One thing I’m changing in the gym is I no longer step up to the rack or the barbell immediately after some one directly beside or in front of me misses their lift. It sounds purely superstitious I realize, but hear me out. I don’t think it’s completely irrational.

I try as hard as any body to be positive when I step up to a bar for a heavy lift. But the reality is there are thoughts creeping around in my brain that don’t necessarily inspire confidence.

“That’s a lot of weight.”

“I’ve never lifted this much before.”

“That last rep was heavy.”

I can minimize those thoughts. I haven’t yet been able to eliminate them. With those things niggling around in my brain, I don’t want the last image in my mind to be neighbor failing. That’s completely counterproductive.

So what do I do? I go for a walk. If a neighbor misses an attempt before I take my turn, I head to the water fountain, maybe the chalk bucket too. Maybe I just go and stare out the front window, stop and retie my shoe laces, whatever. Just anything to take a moment and let that image of that miss ebb away and reset the mental image of me hitting my next attempt and bring that to the forefront of my brain.

Does it help? I believe it did today. I matched my all time high on the back squat at 305#! I haven’t seen that number in a LONG time.

The other conscious change I’m trying to make is no more shaking my head no in the gym. Often when things don’t go my way during a lift or a WOD, I shake my head no. The funny part is that it’s a ‘destructive’ manifestation of what I feel are actually constructive thoughts. When I miss a lift, most of the time the thought running through my head is something along the lines of “don’t accept that failure. Reject the frustration. Do it again.” Still it manifests itself physically as an action with a negative connotation.

So I’ve made the choice now, no matter what happens to nod up and down. “Yes, that just happened. Accept it and move on. Figure out what went wrong and fix it!”

It may seem a trivial thing, but I’ve read a bit about positive self-talk and I’ve tried to embrace it. Now I’m trying to take the next step to take that positive inner dialogue outward and reinforce it physically.

I think it helped this morning when I split my shin open missing a 30″ box jump during the METCON. As soon as my shin slammed the box, I nodded and said to myself, “Yup, that just happened. You’re cut, but you’re still on your feet. You’re all right.”

I was bleeding, but it wasn’t severe at all. I was able to set my feet, take three fast breaths and get the very next jump.

It will be interesting to see if these particular quirks can become habits and if they’ll have a long term impact.
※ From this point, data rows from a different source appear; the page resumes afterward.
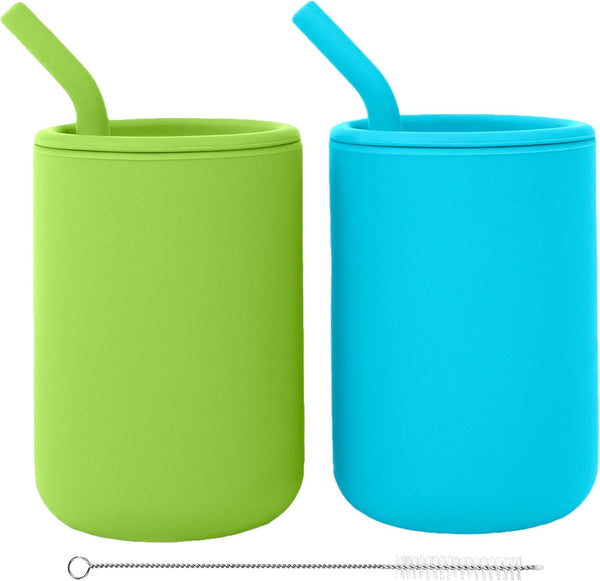 WeeSprout Silicone Baby Cups with Straws and Lids, Set of 2, 4 & 8 oz Food Grade Toddler Training Containers
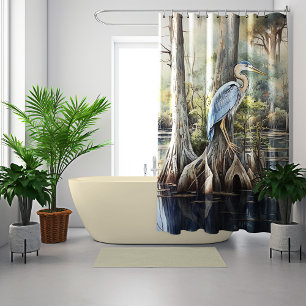 Watercolor Great Blue Heron  Shower Curtain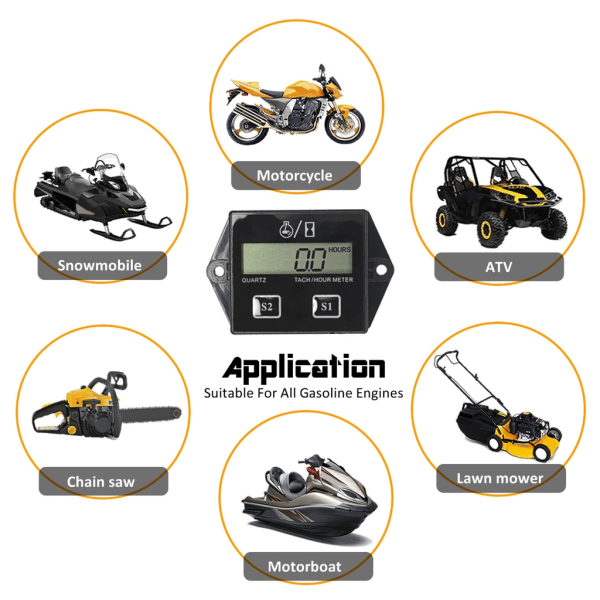 Motorcykel 2/4-takts motoromdrejningstæller Timetæller LCD-skærm Vandtæt Bil Motorbåd Motorcykel Digitalt omdrejningstæller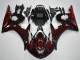 2003-2004 Yamaha YZF R6 Motorcycle Fairing - Glossy Black Red Flame UK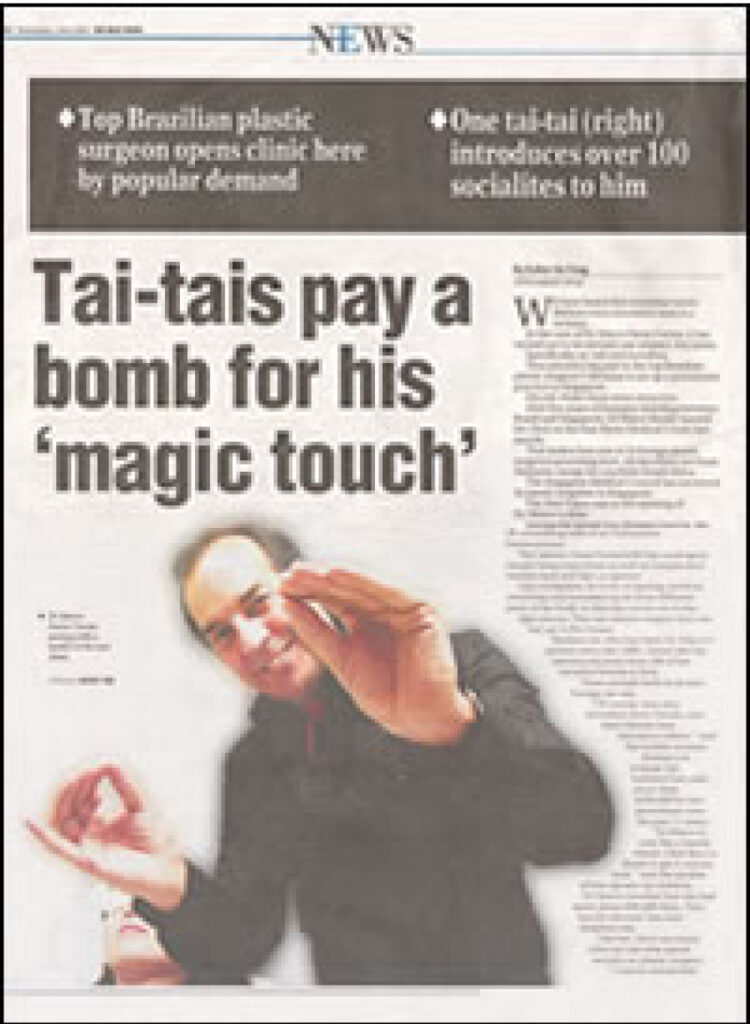 tai-tais pay a bomb for his 'magic touch' black ang white article newsprint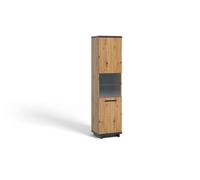 Arte Ines 11 Tall Display Cabinet - Timeless Oak Artisan & Black With Glass Shelf - W500mm X H2000mm X D400mm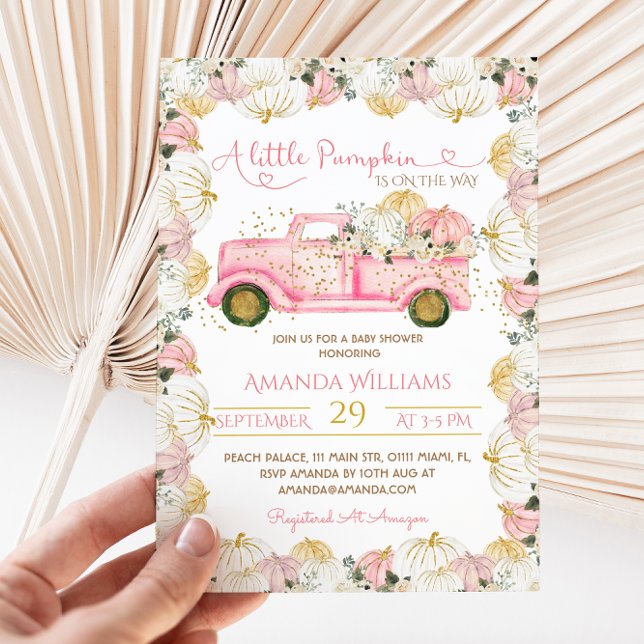 Invitation pour Baby Shower Rose Petite Citrouille (Créateur téléchargé)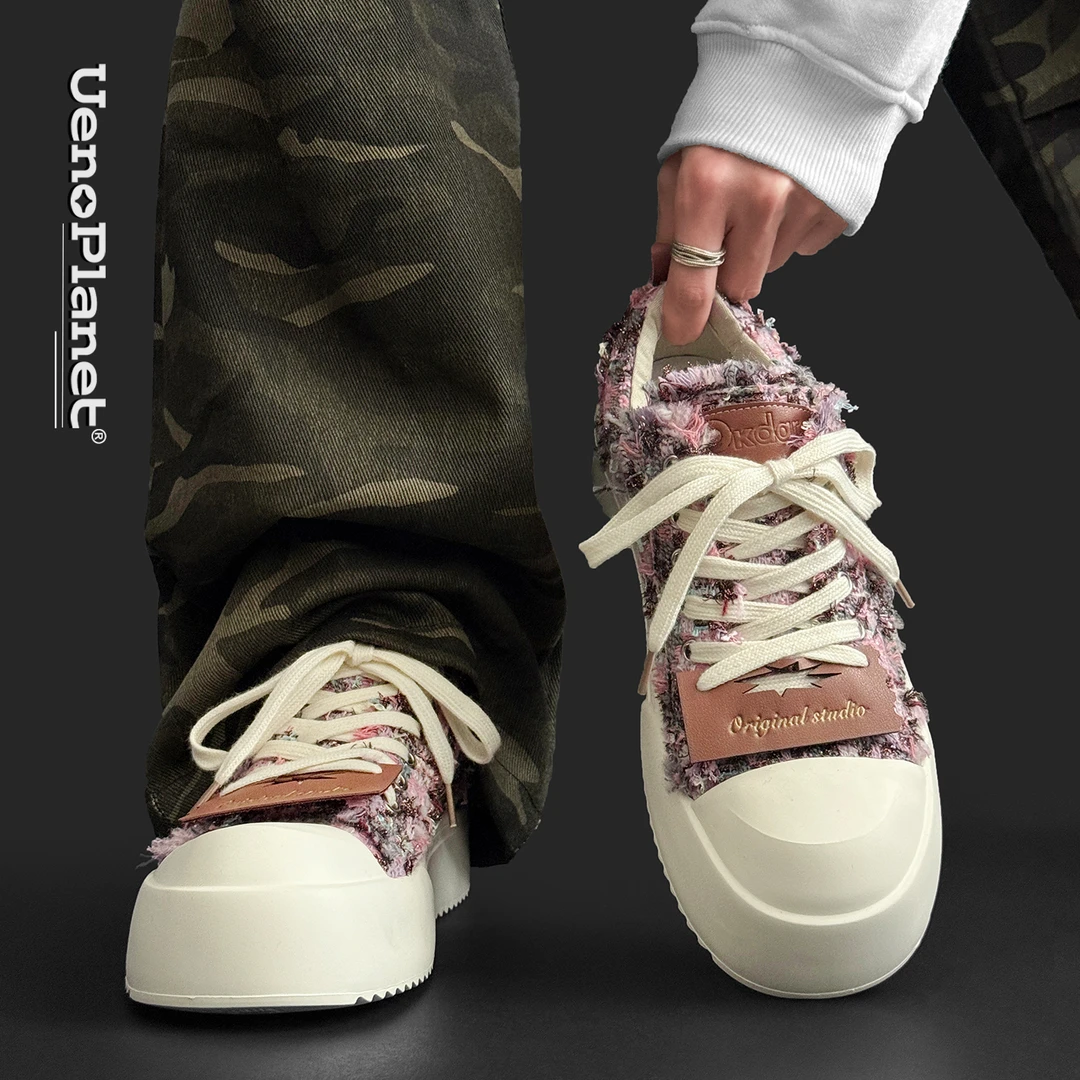 小众设计大头板鞋男女2025新款夏季透气厚底高级感潮流休闲帆布鞋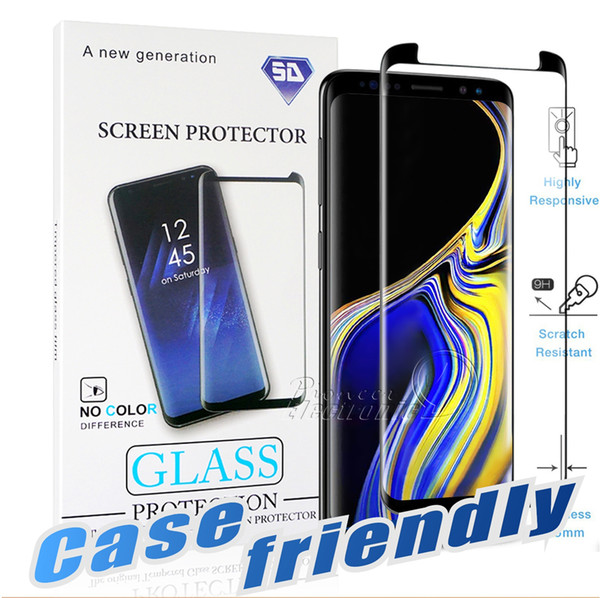 Case Friendly For S10 5G Samsung Galaxy S10 S9 S8 Note 10 Plus Note 9 8 S7 S6 Edge 3D Curve Edge HD Clear Tempered Glass Screen Protector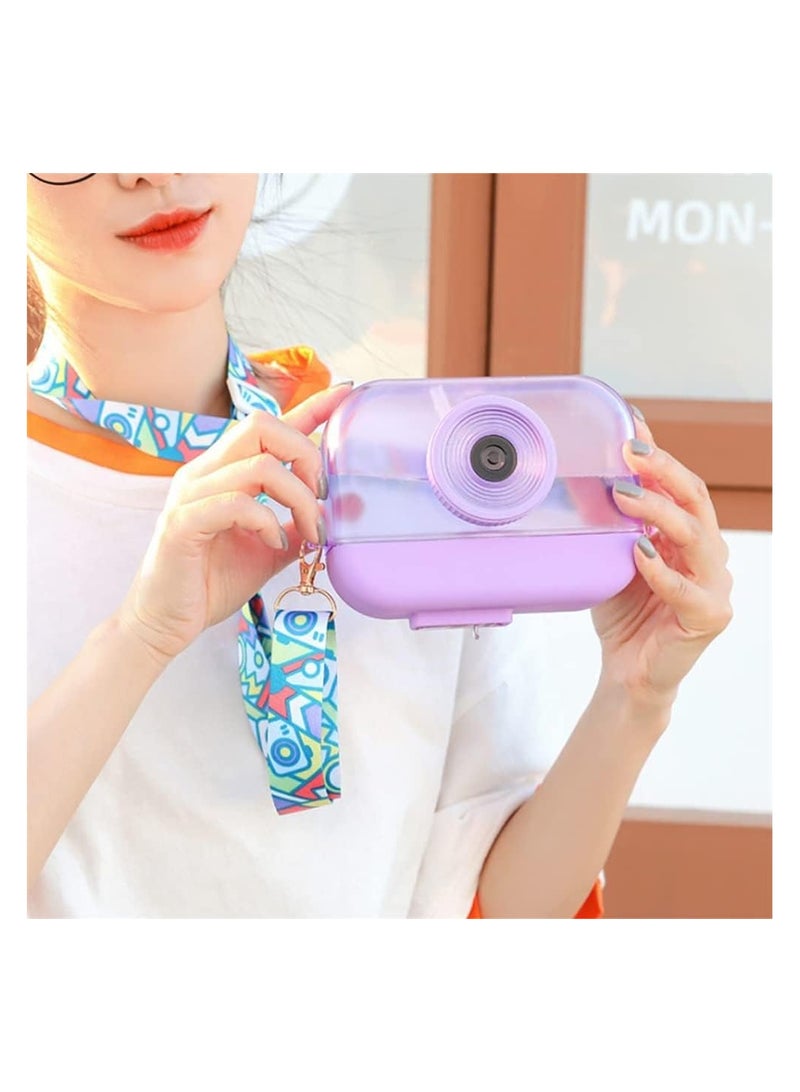 Generic Cute Water Bottles with Straws, Creative Kawaii Camera-Shaped Straw Cups, Kawaii Water Leak Proof Bottles, BPA-Free Water Cup for Adult Kids Outdoor Camping Sports Travel Picnic (400 ML, Purple) - Image 2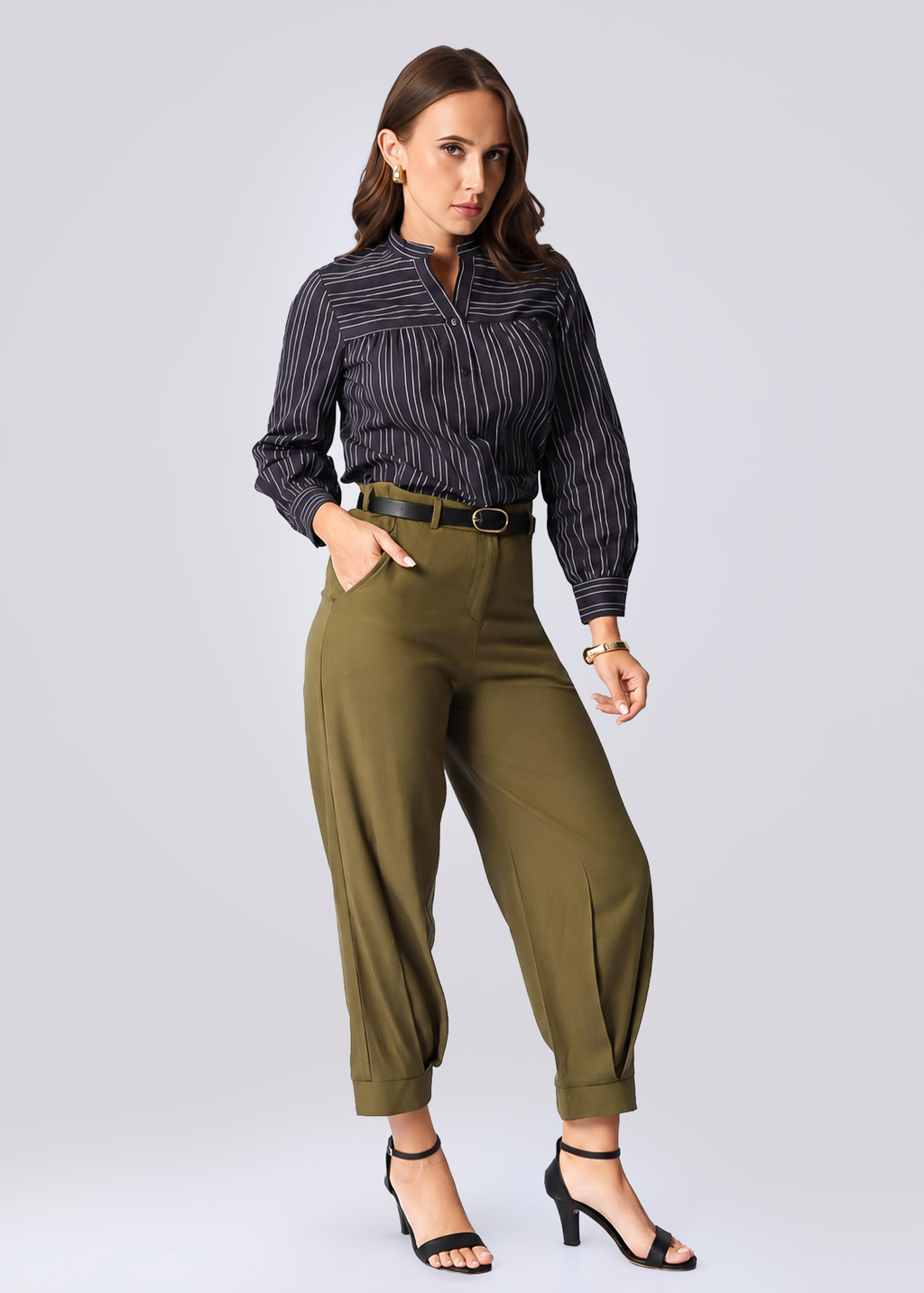 P021 | Bottom Pleated Linen Pant
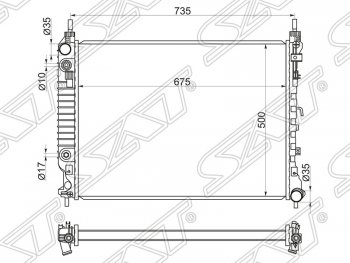 Радиатор двигателя SAT (пластинчатый, 2.2D, МКПП/АКПП) Opel Antara рестайлинг (2010-2015)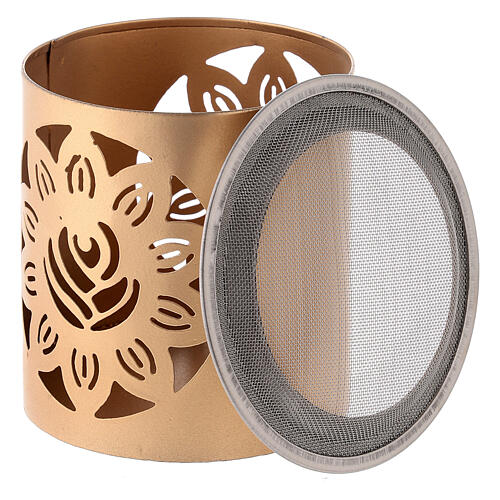 Incense burner with cut-out flower, golden metal, 9 cm 3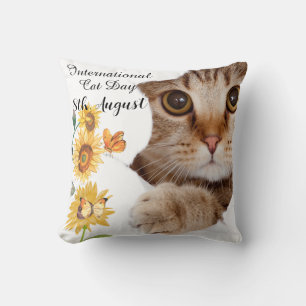 Coussin Joyeuse Journée internationale du chat Orange Sunf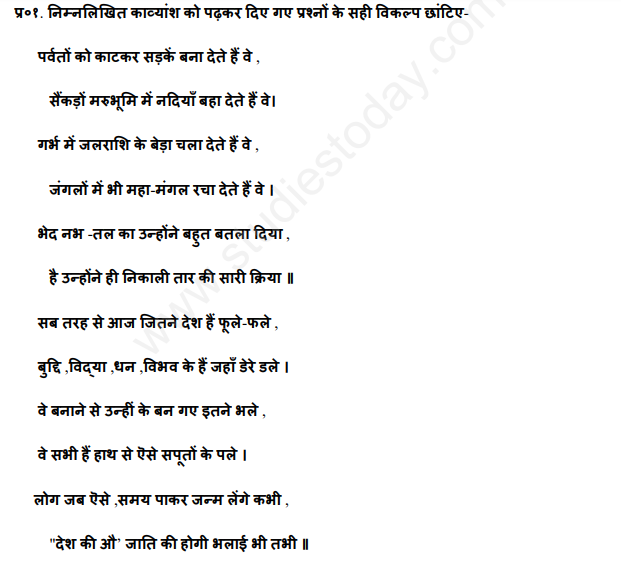 CBSE Class 10 Hindi Assignment Set D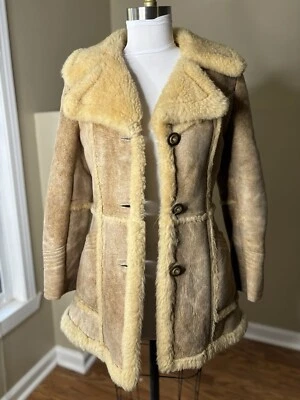 Abrigo de mujer vintage años 60 Carla gamuza Sherpa Sherling Rancher Marlborough, 11 Foto 1 de 4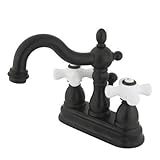 IMAGE OF HERITAGE 4 CENTERSET LAV FCT W/PORCELAIN CROSS HANDLE-Oil Rubbed Bronze Finish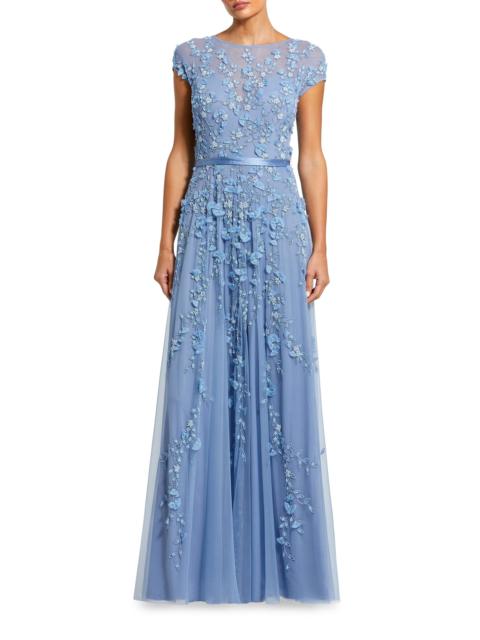 MAC DUGGAL Women's Evening Floral-Embroidered Mesh Gown - Sky Blue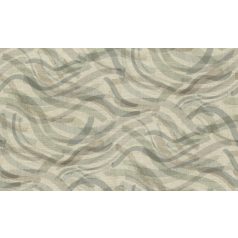   Aklvarell hullámos vonalak mintája durván szőtt textil háttéren bézs zöld szürke és barna tónus tapéta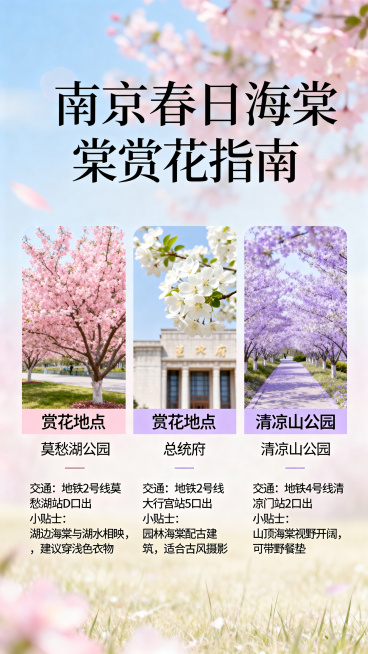南京春季海棠赏花攻略海报，清新浪漫春日风格，展示三个赏花地点：莫愁湖公园、总统府、清凉山公园，包含对应交通信息和赏花小贴士，整体清新雅致，标题写“南京春日海棠赏花指南”预览效果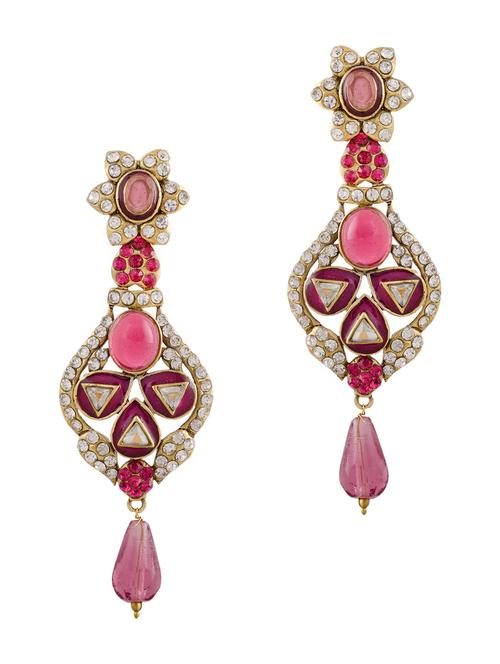 pink brass drop earring - 12252597 - Very Small Image - 1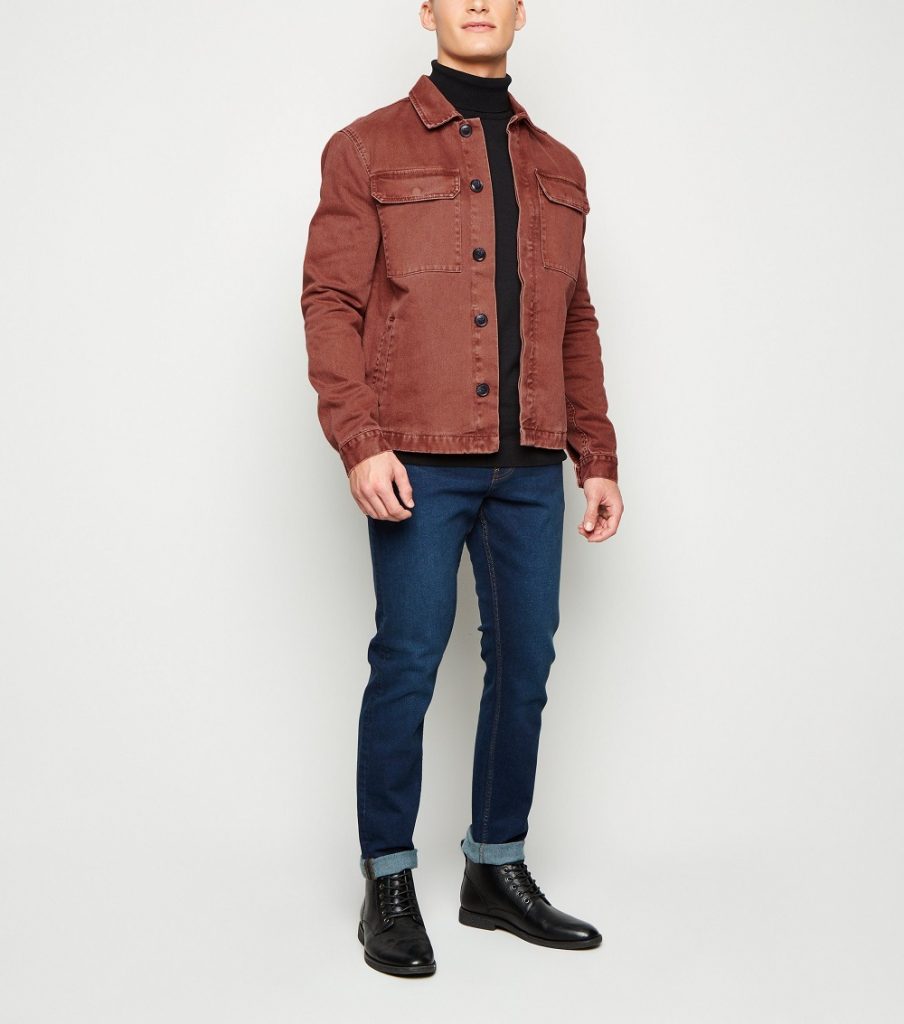 Men's Burgundy Utility Denim Jacket | AA Sourcing LTD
What about you folks? Anyone else have particular pre-lift habits or routines they follow?

Just for the sake of record keeping the METCON was 10-8-6-4-2, Hang Power Cleans at 75% and 30″ box jumps. I scaled the cleans to 65% at 135. Final time was 7:21. For what that’s worth, I had finished the last jump, sat down on the floor with my back to the clock and was examining my bleeding shin before it actually occurred to me to check the clock.